The COP27 sign is displayed along a road leading to the conference area in Egypt’s Red Sea resort of Sharm el-Sheikh as the city was the host for the COP27 summit Nov. 6-18.
Photo Credit: Sayed Sheasha | Reuters

Religious leaders seek consensus-based approach for decisions on climate

Participants in Nov. 6-18 climate summit had goal to discuss and commit to implementing strategies

SHARM EL-SHEIKH, Egypt — Vatican officials and other Catholic leaders around the globe believe the challenge of climate change requires a consensus-based approach rooted in solidarity, saying world leaders’ failure to come together and fully implement previous agreements is a threat to human well-being and the health of the planet.

Cardinal Pietro Parolin, Vatican secretary of state, addressed COP27, the 27th Conference of the Parties of the U.N. Framework Convention on Climate Change, in Sharm el-Sheikh, Egypt, Nov. 8.
Photo Credits: Screenshot from UNFCCC
At the U.N. climate conference, COP27, religious leaders met various delegations of civil society groups, climate activists, experts and other faith-based organizations to deliberate on how to achieve climate neutrality — net-zero greenhouse gas emissions. The Church leaders noted that such conversations across groups are essential in developing a consensus-based approach to decision-making in addressing climate change.

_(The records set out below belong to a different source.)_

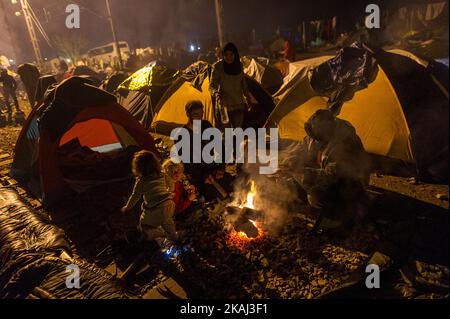 A family sits around a bonfire among other migrants and refugees, at the makeshift camp of the Greek-Macedonian border, near the village of Idomeni, on March 10, 2016, where thousands of refugees and migrants are trapped by the Balkans border blockade. The head of the UN refugee agency on March 8 said he was 'deeply concerned' by a proposed deal between the EU and Ankara to curb the migrant crisis that would involve people being sent back to Turkey. (Photo by Markus Heine/NurPhoto) *** Please Use Credit from Credit Field ***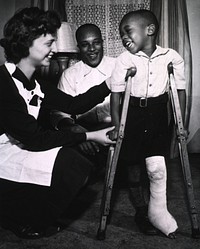 Public Health nurse assists in the healing process. A young boy, on crutches, his left leg in a cast, takes first steps with the aid of a Public Health nurse. Original public domain image from Flickr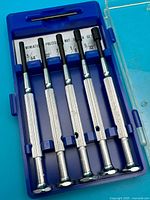 Full view of five nut drivers in blue case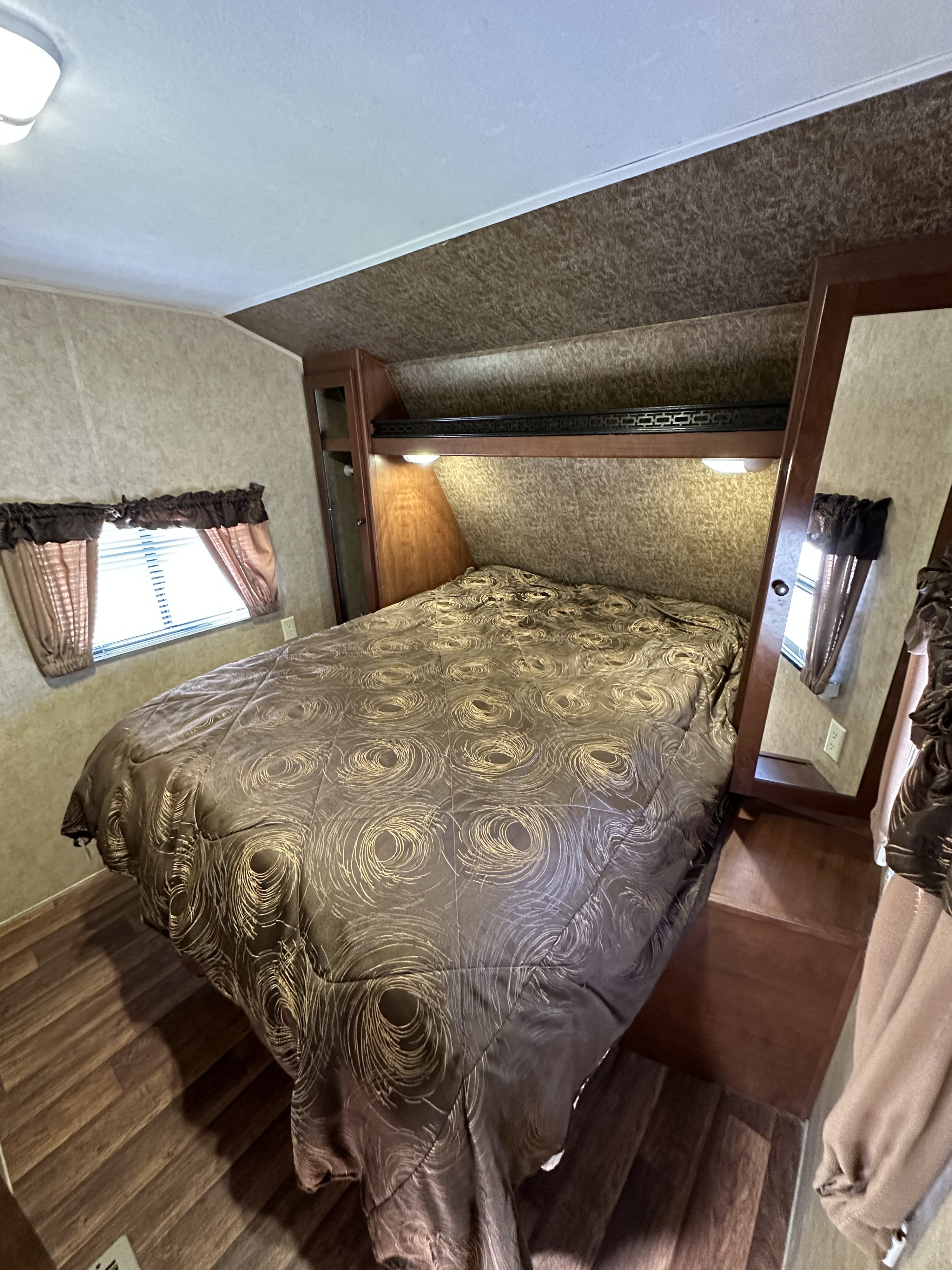 Cozy RV rental bedroom with a comfy bed, wood accents, and natural light from the window. Perfect for your next adventure.. Aspen Trail Aspen Trail Trailer 2013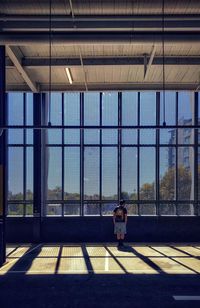 Low angle view of man gazing out of windows in building.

Leaders at the Nov. 6-18 climate summit were to discuss and commit to implementing strategies for such things as financing countries’ emissions-reduction goals and establishing new ambitions to keep global warming below 1.5 degrees Celsius. But Church leaders say world leaders have not made significant progress on those goals yet, and it’s time for them to take action and save the planet from multiple climate hazards.

“There is no vision related to the environment from all the discussions of climatic factors we have received from the convening,” Archbishop Nicolas Thévenin, apostolic nuncio to Egypt, said. “Our role is to focus on the spirit of togetherness that should be there and dominating all the meetings and topics being discussed. We should also find a solution on how as a Church we must fight climate change and share the same ideas with other groups attending this event.”

The archbishop is the deputy head of the Holy See’s delegation, which for the first time has official representation at a Conference of Parties summit since they started almost three decades ago. Earlier this year, the Vatican announced it had become a formal party to the U.N. Framework Convention on Climate Change.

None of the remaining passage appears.